Over the past several years, research has shown an increase in injury and death rates among workers in some industries. One occupation that continues to be a focus for researchers and safety advocates is warehouse work. Safety among warehouse workers is a huge concern among safety officials, especially as reports continue to suggest that companies like Amazon do not have proper safety protocols in place.
This all begs the question of whether warehouse worker injuries and deaths are on the rise? Data from the Bureau of Labor Statistics (BLS) suggests they are. Consider the following:
- In 2018, there were 1,198,000 warehouse workers in the United States.
- The injury rate among warehouse workers in 2018 was 5.1 per 100 workers.
- The injury rate equates to more than 60,000 injuries in 2018.
- In 2015, there were 11 fatalities in the warehousing industry. In 2018, there were 26.

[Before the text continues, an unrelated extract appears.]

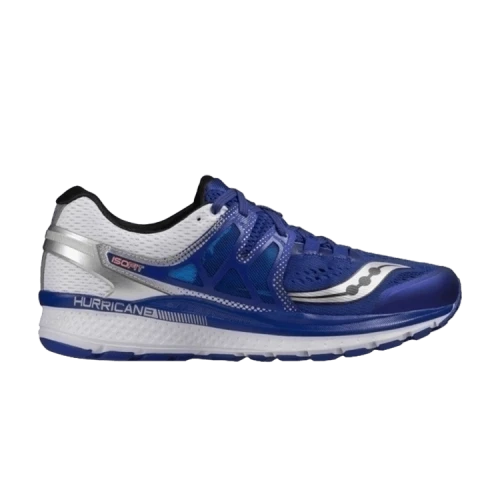 Saucony Hurricane Iso 3 'Blue Silver'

- The most common causes of injuries are slip and fall accidents and forklift accidents.
- As many as 35,000 warehouse workers are injured each year in forklift accidents. Another 100 are killed.
Amazon Leading Warehouse Safety Concerns
Amazon is one of the largest online retailers, operating 110 fulfillment facilities nationwide. The national average injury rate among warehouse workers is 4 per 100 workers. Injury rates at Amazon facilities is more than double that, with a rate of 9.6 in 2018. What’s more, injury rates have increased at Amazon warehouses in several states, including:
- California – Injury rates increased from 2.9 to 11.3 from 2015 to 2018.
- Oregon – In 2018, the injury rate was 26 per 100 workers, which is six times higher than the industry average.
- Washington – In 2018, the injury rate was around 13 per 100 workers. There were 292 serious injuries reported in 2018.
While Amazon is certainly not the only company to report worker injuries, their large and growing presence in the industry makes their injury rates even more concerning. Across the warehousing industry, there needs to be more focus on safety culture and policies.